Could an actual infinity exist in other logically possible worlds, or different dimensions? Or if we say an actual infinity cannot exist, does that mean anywhere, including different dimensions, and worlds? 

With a trillion observable galaxies, each with about 100 billion stars, there are certainly a lot of “worlds.” They are not just “possible” or “logical,” but real—great evidence that the universe is infinite. Dimensions? We don’t need no stinking 4 dimensions. The universe is 3-dimensional: x, y, and z. Period. At PSI, we assume that an “actual infinity” exists, both microcosmically and macrocosmically. Indeterminists who assume finity, its opposite, invariably must believe in perfectly empty space. That they enshroud this belief with more than three dimensions is their problem, not ours.

Galaxies were first thought to be “island universes,” an oxymoron similar to today’s “parallel universes” and “multiverses.” Since the discovery of galaxies, we have discovered galaxy clusters and clusters of clusters. In UCT, we proposed a “local mega vortex” as the next step up in the universal hierarchy. Nevertheless, we would never consider this yet another oxymoronic universe.  
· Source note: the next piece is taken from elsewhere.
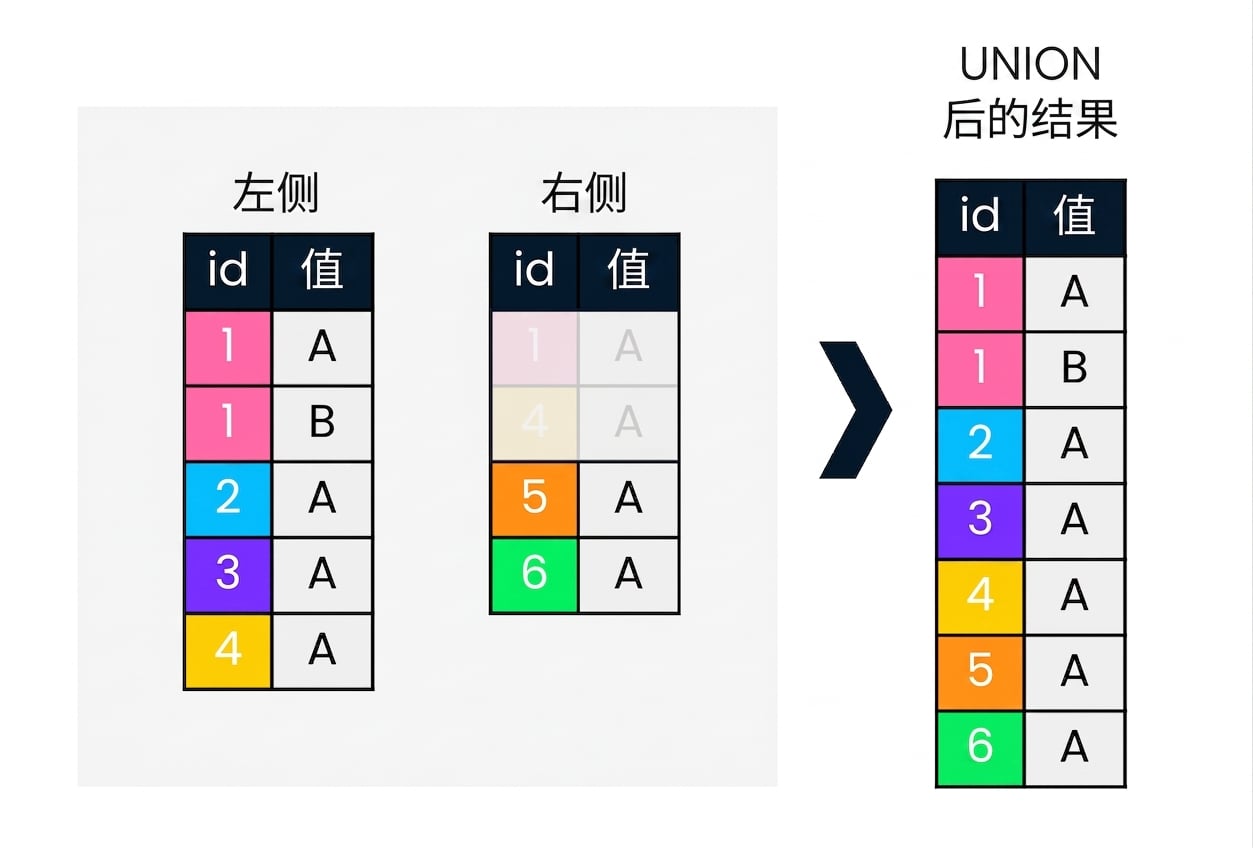 一个图示显示两张表(左、右)。右侧展示对两表执行 UNION 的结果。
Infinity is the recipe for the universe. Without infinity, there is no place from which the constituents of the universe can come from. Hawking and Krauss must remain forever flummoxed. The fact is that the question-begging never ends. Matter always contains other matter. The religionists who claim that god created it all are eternally faced with the logical question: Then who created god? Even they can have no answer without infinity. The correct answer is that the material world goes on and on, without end. To posit finity is to join the flat-earthers in their imagined jump into the abyss.

1 comment:

Rick Doogie said...

Dr. Glenn,

This post reminds of your assertion (can't find where you said it): "One either denies aether and infinity, or one does not. There is nothing in between."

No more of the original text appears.